In-IDE Human-AI Experience in the Era of Large Language Models; A Literature Review
Agnia Sergeyuk, Sergey Titov, Maliheh Izadi
TL;DR
This paper surveys the in-IDE Human-AI Experience (HAX) literature, focusing on LLM-driven AI assistants embedded in IDEs. It analyzes 36 studies published between 2020 and 2024 from major digital libraries to synthesize three core research branches: Design (UI principles and integration), Impact (workflow, productivity, and trust), and Quality (correctness, understandability, and security). The review highlights how UI design shapes usefulness, how AI assistance reshapes developers' workflows with trade-offs between speed and validation, and how model quality and safety influence adoption. It also outlines future directions, including task-specific interfaces, trust-enhancing mechanisms, and readability-focused model tuning to improve practical impact in software development.
Abstract
Integrated Development Environments (IDEs) have become central to modern software development, especially with the integration of Artificial Intelligence (AI) to enhance programming efficiency and decision-making.
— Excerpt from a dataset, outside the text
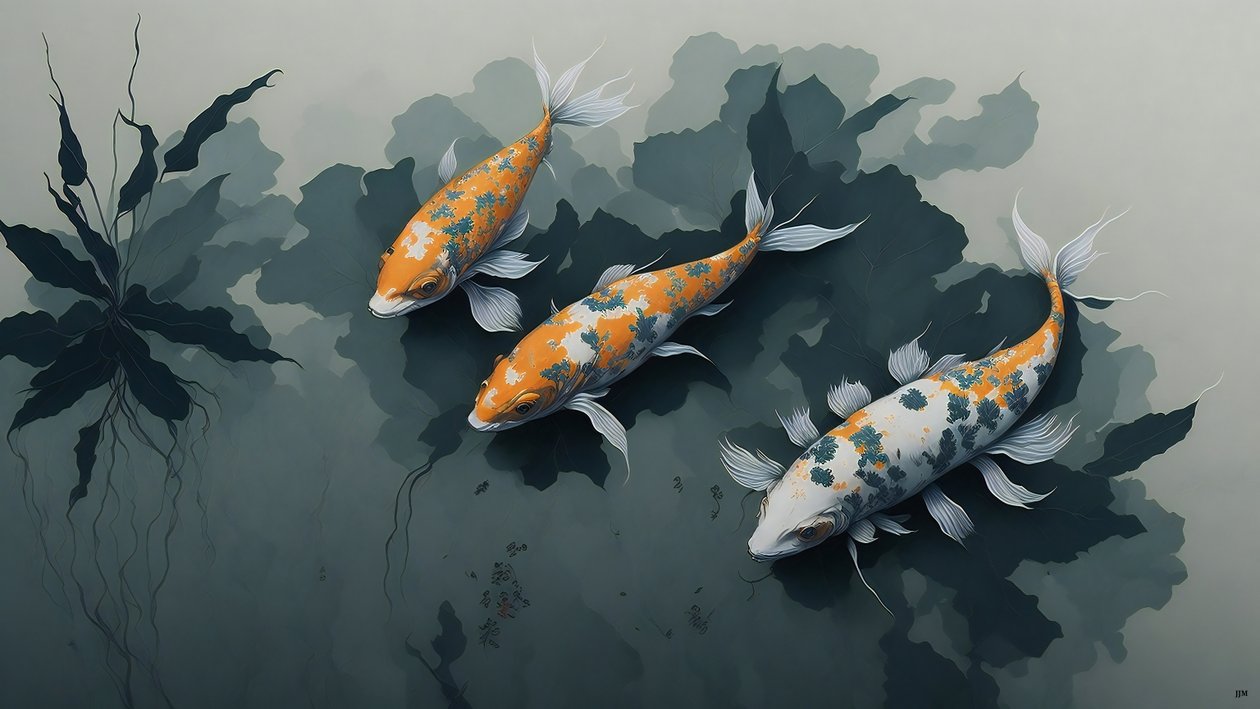 malba inkoustem: Koi kapr fish_02 od Josef Johann Michel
The study of in-IDE Human-AI Experience is critical in understanding how these AI tools are transforming the software development process, impacting programmer productivity, and influencing code quality. We conducted a literature review to study the current state of in-IDE Human-AI Experience research, bridging a gap in understanding the nuanced interactions between programmers and AI assistants within IDEs. By analyzing 36 selected papers, our study illustrates three primary research branches: Design, Impact, and Quality of Interaction. The trends, challenges, and opportunities identified in this paper emphasize the evolving landscape of software development and inform future directions for research and development in this dynamic field. Specifically, we invite the community to investigate three aspects of these interactions: designing task-specific user interface, building trust, and improving readability.